[ABOUT THIS TASK]
Copy out exactly the lines from the one containing "Something that always" to the last line of the records below, both included, and leave out any pictures.

(Saved data entries)

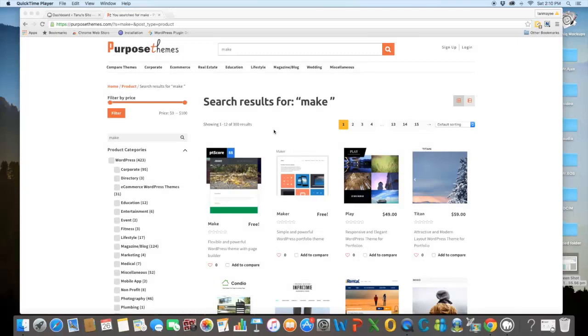Hello friends, I am Tanmay from PurposeThemes.com and today I will be reviewing a theme named Meg. It is a theme from Theme Foundry Club and it is free.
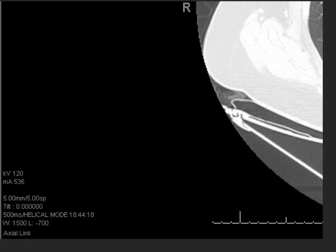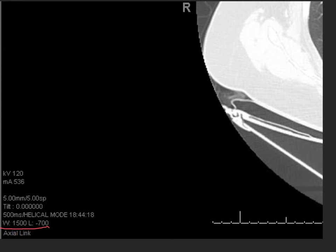Now I'll describe what I mean by a window and a level. Where can we find this information? If you look at the corner of any CT image, you will see a little W and an L. This particular CT scan has a window of 1500 and a level of minus 700. Any tissue window is a combination of these two values — a window and a level — and they vary depending on the display window.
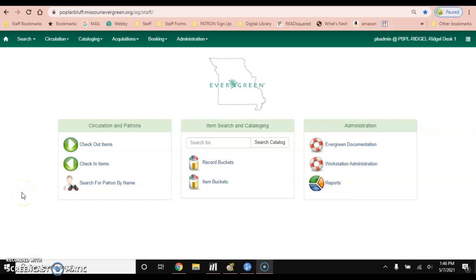Hello, in this video I will show you how to check items in and out in Webby.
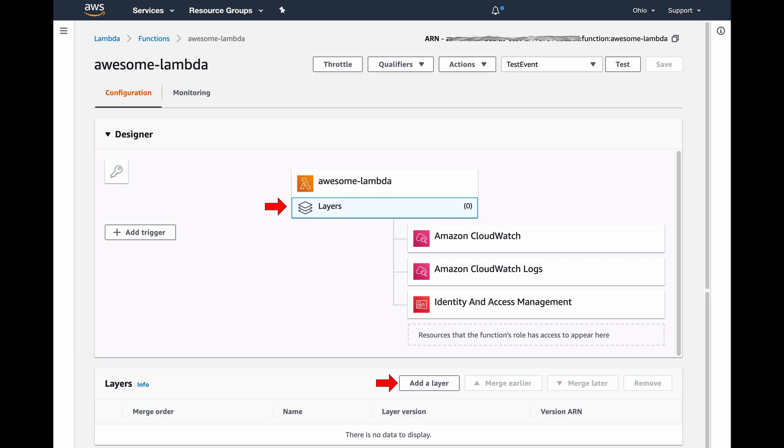Simply log into your AWS console, open the configuration page for your Lambda function, and then click add layer.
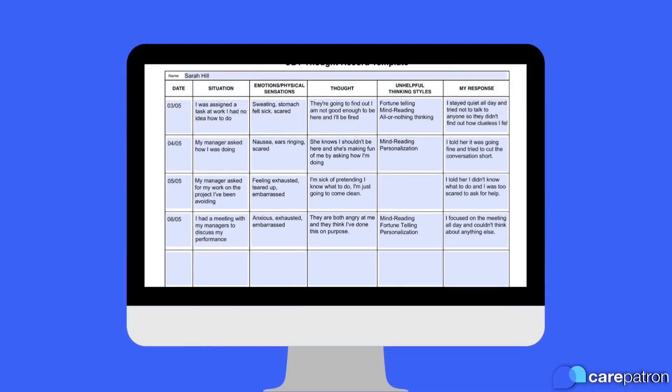To get an idea of the kind of insights this template may be able to provide you and your client, just take a look at our Sample CBT Thought Record template.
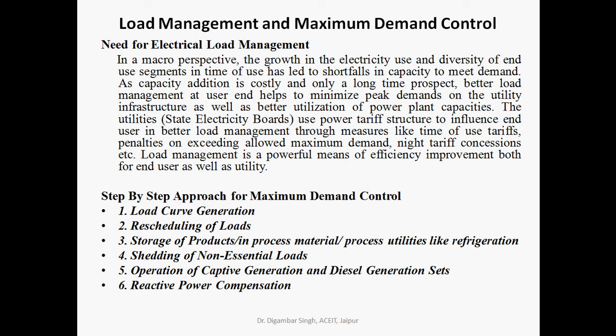The need for electrical load management arises from the use of various motors in industry, home appliances, agriculture, and residential sectors. The growth of electricity use and diversity of end-use segments has led to a shortfall in capacity to meet demands. Since capacity addition is costly and a long-term prospect, better load management at the user level helps minimize peak demand on utility infrastructure and improves utilization of power plant capacities.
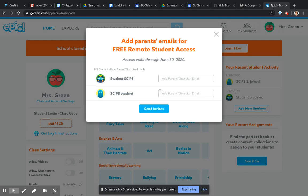It ends up in the same place whether you add them by Google Classroom or you just type them in. So hopefully that helps. And once you've pasted those in, don't forget to send the invite to the parents. You can let the children know about that too.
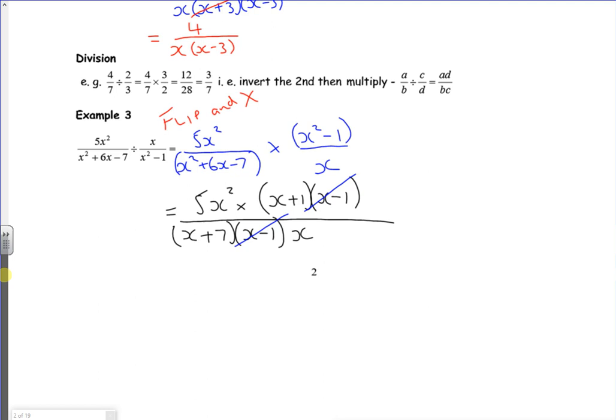If I see what cancels: the x minus ones cancel, and one of the x's on top cancels. So I've got five x times x plus one, all over x plus seven. I'm tempted to leave it like that — I wouldn't expand the top because I might need it factorised to find a stationary point or something, so I'll leave it in that form.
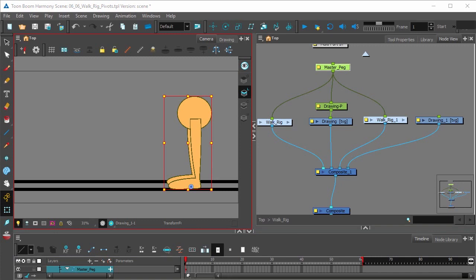And now we can go ahead and position our first walk or stride keyframe with the transform tool.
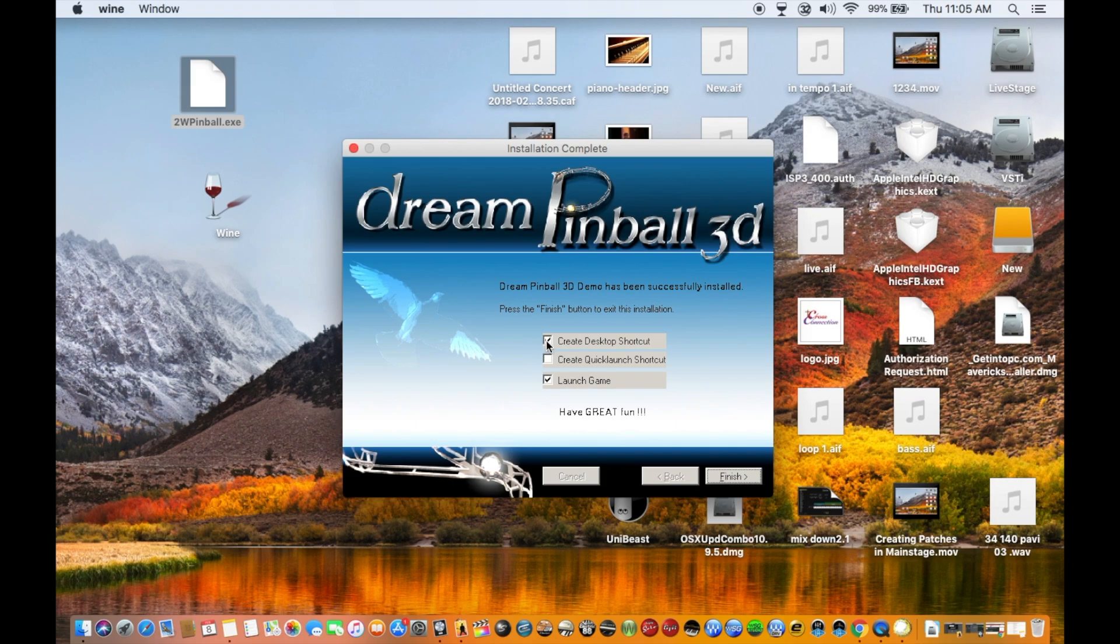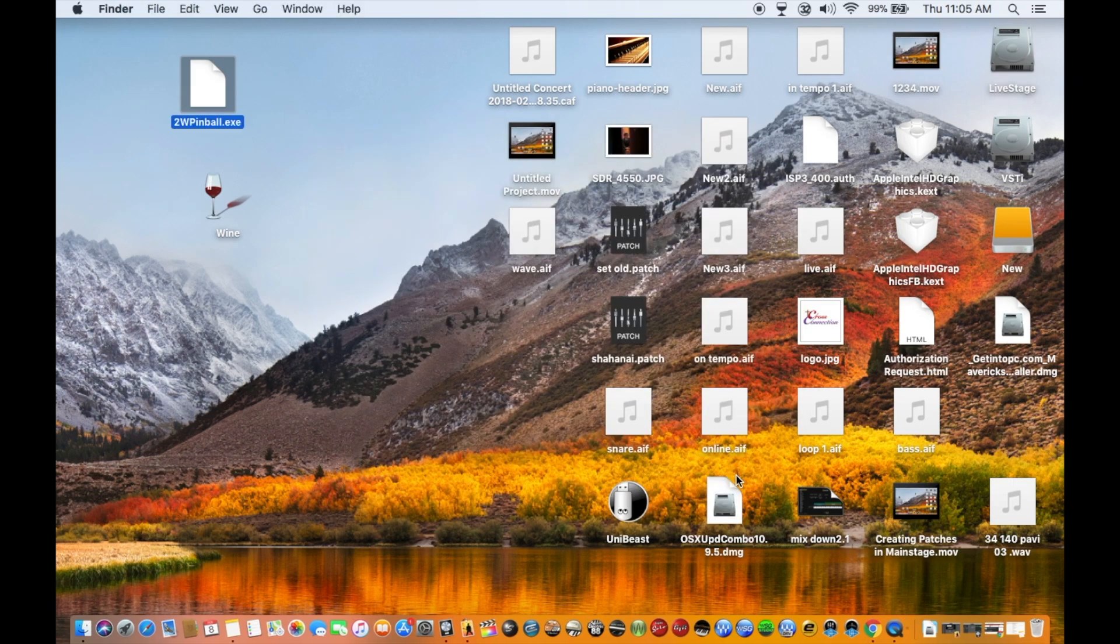It is going to create a desktop shortcut. And I'm going to click on launch game because I want to launch the game, so that we can see it is working or not.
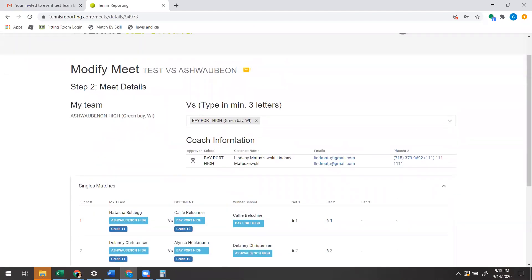Well, what's happened is the other coach put in the results. They did not make you an editor, but they haven't approved that match yet to send to you for approval.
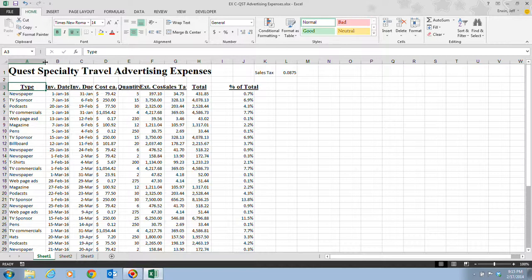In Normal view, the screen tip lists the width in characters and in pixels. If you were in Page Layout view, the screen tip would display the width in inches and in pixels. Quick tip: if you're working with numbers and you see a whole bunch of number signs appear in your column after making an adjustment, that is telling you the column is too narrow to display the values completely, and you need to increase the column width until the values appear.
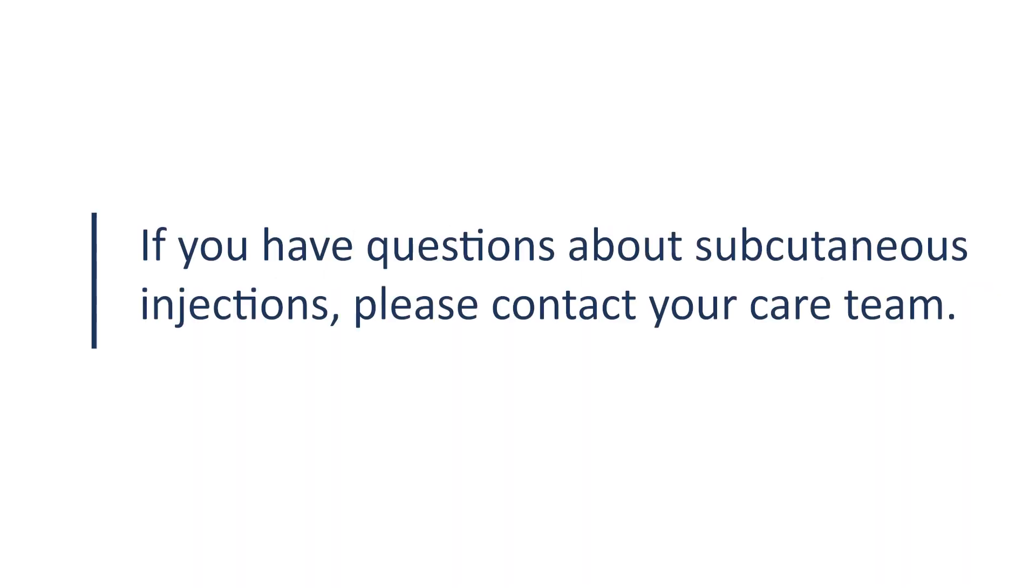If you have questions about subcutaneous injections, please contact your care team.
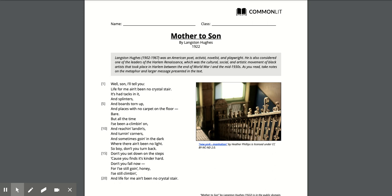Something that always helps me when I'm trying to analyze poetry is reading it a second time. I feel like that helps me because typically poems aren't crazy long, and so reading it a second time after I kind of ask myself what was this talking about, that helps a lot. So I'm gonna go ahead and read it one more time for you. This is Mother to Son.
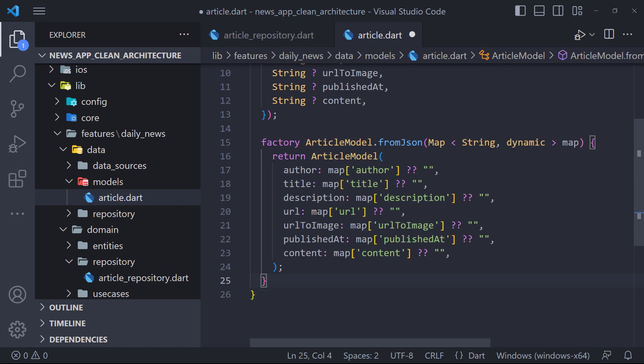Now you may have a question. Why do we need a model and not use Entity? Because as we said before, the domain layer must be independent and not depend on other layers.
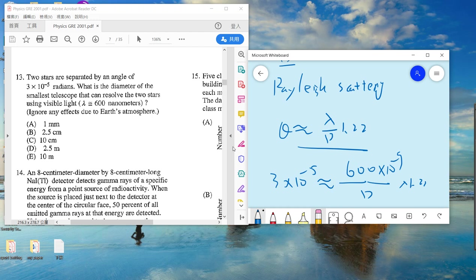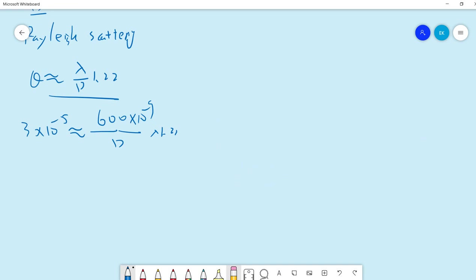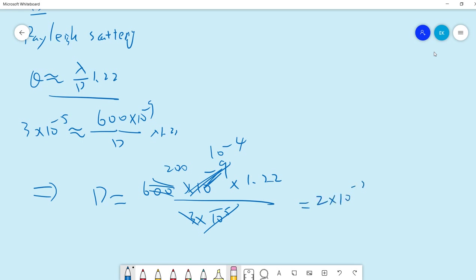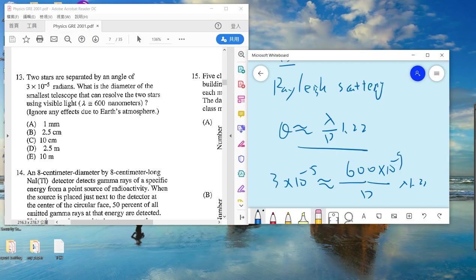We can solve for the diameter D. Computing: D = 1.22 × (600 × 10⁻⁹) / θ, which gives approximately 200 times something. Converting to centimeters, D ≈ 2.44 centimeters. So the answer is B. Hope my calculation is correct.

[RESPONSE FOR THIS EXERCISE]
Something that always helps me when I'm trying to analyze poetry is reading it a second time. I feel like that helps me because typically poems aren't crazy long, and so reading it a second time after I kind of ask myself what was this talking about, that helps a lot. So I'm gonna go ahead and read it one more time for you. This is Mother to Son.
Now you may have a question. Why do we need a model and not use Entity? Because as we said before, the domain layer must be independent and not depend on other layers.
We can solve for the diameter D. Computing: D = 1.22 × (600 × 10⁻⁹) / θ, which gives approximately 200 times something. Converting to centimeters, D ≈ 2.44 centimeters. So the answer is B. Hope my calculation is correct.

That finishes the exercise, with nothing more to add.